Universal 6:33 (JimQ) 


David Steinberg’s New York Times crossword—Amy’s write-up

NY Times crossword solution, 3 8 19, no. 0308

This 68-worder has lots of fresh, new stuff, but also older stuff like a WINE FLASK (is that a thing anymore?) and ERENOW and, egad, AGUE. My solving time should be shorter, but I was distracted a bit while solving.
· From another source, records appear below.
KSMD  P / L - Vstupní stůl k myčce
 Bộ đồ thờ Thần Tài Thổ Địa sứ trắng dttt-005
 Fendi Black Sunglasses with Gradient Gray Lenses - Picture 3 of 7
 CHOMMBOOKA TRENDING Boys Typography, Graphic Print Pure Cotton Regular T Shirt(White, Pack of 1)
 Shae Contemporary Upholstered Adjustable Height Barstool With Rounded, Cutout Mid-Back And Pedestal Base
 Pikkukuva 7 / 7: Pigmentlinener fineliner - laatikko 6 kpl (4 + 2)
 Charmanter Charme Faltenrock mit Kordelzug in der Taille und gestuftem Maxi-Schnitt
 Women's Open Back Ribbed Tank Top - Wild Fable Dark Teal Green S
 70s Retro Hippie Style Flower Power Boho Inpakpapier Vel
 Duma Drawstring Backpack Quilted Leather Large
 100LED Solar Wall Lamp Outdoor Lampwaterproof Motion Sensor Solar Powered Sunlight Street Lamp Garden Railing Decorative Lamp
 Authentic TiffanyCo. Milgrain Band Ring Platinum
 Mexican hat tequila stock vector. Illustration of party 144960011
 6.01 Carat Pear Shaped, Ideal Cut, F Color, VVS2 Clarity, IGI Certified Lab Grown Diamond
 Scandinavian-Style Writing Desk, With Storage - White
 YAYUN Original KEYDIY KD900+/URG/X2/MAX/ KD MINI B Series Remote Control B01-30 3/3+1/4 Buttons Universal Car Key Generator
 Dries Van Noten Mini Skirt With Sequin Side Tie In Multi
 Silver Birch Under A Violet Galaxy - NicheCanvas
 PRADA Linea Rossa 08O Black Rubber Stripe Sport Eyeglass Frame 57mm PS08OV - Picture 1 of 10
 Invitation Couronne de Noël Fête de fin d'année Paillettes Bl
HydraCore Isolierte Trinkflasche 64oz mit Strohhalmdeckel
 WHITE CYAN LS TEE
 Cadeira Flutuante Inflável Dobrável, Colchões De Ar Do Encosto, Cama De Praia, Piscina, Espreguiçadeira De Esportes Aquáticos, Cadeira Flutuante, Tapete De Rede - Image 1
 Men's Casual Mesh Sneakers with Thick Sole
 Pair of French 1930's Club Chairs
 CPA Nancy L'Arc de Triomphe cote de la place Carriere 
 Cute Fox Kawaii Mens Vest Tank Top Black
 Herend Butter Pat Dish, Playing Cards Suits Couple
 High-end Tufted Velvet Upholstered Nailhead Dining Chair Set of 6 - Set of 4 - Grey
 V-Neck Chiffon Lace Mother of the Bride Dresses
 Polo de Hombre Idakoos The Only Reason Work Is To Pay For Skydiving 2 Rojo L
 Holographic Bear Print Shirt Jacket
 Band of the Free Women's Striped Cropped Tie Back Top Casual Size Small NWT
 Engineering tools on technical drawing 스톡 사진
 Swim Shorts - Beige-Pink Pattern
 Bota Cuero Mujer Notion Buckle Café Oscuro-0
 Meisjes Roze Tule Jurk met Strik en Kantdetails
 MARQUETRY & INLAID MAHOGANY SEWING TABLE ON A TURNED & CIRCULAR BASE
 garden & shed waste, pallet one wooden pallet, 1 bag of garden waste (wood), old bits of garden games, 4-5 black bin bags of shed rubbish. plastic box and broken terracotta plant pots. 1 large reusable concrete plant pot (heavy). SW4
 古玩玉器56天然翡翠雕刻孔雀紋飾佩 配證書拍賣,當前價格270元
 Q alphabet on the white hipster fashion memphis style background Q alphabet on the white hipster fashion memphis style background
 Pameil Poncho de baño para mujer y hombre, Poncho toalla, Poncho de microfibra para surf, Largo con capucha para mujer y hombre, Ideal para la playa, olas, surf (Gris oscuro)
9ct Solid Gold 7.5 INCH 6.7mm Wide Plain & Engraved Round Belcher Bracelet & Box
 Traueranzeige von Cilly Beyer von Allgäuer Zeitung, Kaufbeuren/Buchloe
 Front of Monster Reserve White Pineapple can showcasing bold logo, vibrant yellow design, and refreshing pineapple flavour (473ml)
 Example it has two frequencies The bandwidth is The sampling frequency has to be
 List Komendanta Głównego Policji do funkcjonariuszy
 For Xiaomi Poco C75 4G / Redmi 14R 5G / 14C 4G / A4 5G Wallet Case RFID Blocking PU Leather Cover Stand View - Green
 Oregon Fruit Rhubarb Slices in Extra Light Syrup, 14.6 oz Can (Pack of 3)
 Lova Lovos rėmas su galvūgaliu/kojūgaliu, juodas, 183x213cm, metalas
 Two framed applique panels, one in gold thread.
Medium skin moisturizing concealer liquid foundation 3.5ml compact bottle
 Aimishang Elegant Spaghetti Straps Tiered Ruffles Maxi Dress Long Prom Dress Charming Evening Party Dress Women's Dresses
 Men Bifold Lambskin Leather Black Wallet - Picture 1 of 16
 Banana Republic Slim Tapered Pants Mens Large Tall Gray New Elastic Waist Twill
Newest fill: RAVE CULTURE, which I didn’t know was a thing. A rap DISS TRACK; are there DISS TRACKs in country music? SUGAR RUSH. “I JUST MIGHT…”

Eight things:

  • 28d. [Junípero ___, father of California history], SERRA. Gross. If you’re into the genocidal, enslaving part of California history, sure.
  • 38d. [Fancy restaurant fee], CORKAGE. Uh, “fancy” doesn’t belong in this clue. There are resolutely mid-range restaurants that charge a corkage fee for letting you drink the wine you bought elsewhere.
  • 56a. [Place where farm animals rootle], STY. Rootle is a great word. (Really just a variation on the sort of rooting that is snorfling in the ground with your snout.) I need to work that into my conversation more.
  • 21a. [Noted Chinese-American fashion designer], VERA WANG. I’m guessing she has no involvement in the design of the “Simply Vera Wang” line of clothes sold at Kohl’s, and has just licensed her fine name.
  • 23a. [Miscellaneous part?], SILENT C. I dispute that being a silent C. The S that precedes it is the silent letter. Actually, neither of them is, because it’s the presence of two consonants in a row that makes that first vowel the sound in “miss” rather than “mice.”
  • 27a. [Source of rules for keeping kosher], MOSAIC LAW. As in the adjectival form of Moses. I assume one of you knows, without Googling it or otherwise looking up the info, why the artwork made with tiles is called a mosaic and whether it’s connected to biblical Moses.
  • 54a. [Island WSW of Kauai], NI’IHAU. Not to be confused with the Chinese ni hao, meaning “hello.”
  • 2d. [Slimming down], ON A DIET. Eh, not always. Some people slim down because they’re eating better and getting more exercise, or because they’re ill. And many people who are ON A DIET don’t slim down, or if they do slim down, the weight boomerangs right back to them.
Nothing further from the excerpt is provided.